Group identity alters taste and smell, a tool for leaders

Tuesday, March 24, 2026 · from 1 podcast
  • Our group membership acts as a psychological lens, physically altering perceptions of taste and smell, not just abstract beliefs.
  • Leaders and marketers can deliberately prime these identities to shape behavior, as seen in Mandela’s rugby strategy and Molson's ad campaign.
  • Much of what we consider personal, autonomous preference is a social product of which identity is currently active.

Your senses lie to you based on which team you’re on. New psychological research shows group identity doesn’t just influence your opinions - it warps your basic senses of taste and smell.

On Hidden Brain, psychologist Jay Van Bavel details experiments proving the effect. Canadians primed with their national identity consistently prefer maple syrup over honey. British university students rated the same disgusting shirt as far more putrid if they thought it belonged to a rival student. The sensory input was identical; the perception was filtered through group allegiance.

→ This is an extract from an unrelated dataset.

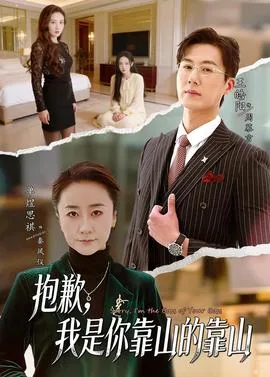 我就是你的靠山是什么意思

Jay Van Bavel, Hidden Brain:

- What we're trying to argue and what the growing body of research suggests is that these identities are a lens that shape all kinds of our senses.

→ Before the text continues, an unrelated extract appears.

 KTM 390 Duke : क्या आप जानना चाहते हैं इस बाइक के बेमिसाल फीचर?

- They shape how we're smelling and interpreting smells, what we're seeing, maybe what we're hearing.

These perceptual filters become most powerful when an identity is threatened or made salient. A Canadian flag on a backpack overseas creates an instant bond that wouldn't register back home. The minority situation triggers the identity.

Smart actors use this deliberately. Nelson Mandela harnessed it by embracing South Africa’s Springboks rugby team, a symbol of white oppression, to unite a fractured post-apartheid nation. Corporations do the same for profit. Molson Breweries’ “I Am Canadian” campaign spiked sales by tapping directly into primed national pride.

The research reframes free will. A significant portion of what feels like personal preference - from what tastes good to what smells bad - is a social product of which identity is currently active. The lens can be pointed, for unity or for profit.

Source Intelligence

What each podcast actually said

Group ThinkMar 23

  • Jay Van Bavel argues group identities act as a psychological lens that fundamentally alters basic sensory perceptions, including taste, smell, and sight.
  • Research shows when people are primed to think of themselves as Canadians, they prefer maple syrup over honey, indicating taste preference is dictated by identity rather than personal preference.
  • A UK study found participants rated a disgusting shirt worn for a week as far more putrid if they believed it belonged to a rival university student versus a fellow student, proving identical smells are perceived differently based on group allegiance.
  • Van Bavel notes group identities become most potent when they are threatened or made salient, like a Canadian flag on a backpack overseas creating bonds irrelevant back home.
  • Being in a minority situation powerfully activates otherwise dormant group identities, creating instant connections, as observed when traveling abroad.
  • Nelson Mandela harnessed this force by using the Springboks rugby team, a symbol of white oppression, to unite black and white South Africans after apartheid.
  • Corporations manipulate group identity for consumer behavior, as Molson Breweries' 'I Am Canadian' ad campaign dramatically increased sales by tapping directly into national pride.
  • Van Bavel concludes much of what we consider personal, autonomous choices and perceptions are, in fact, social constructs shaped by group identity.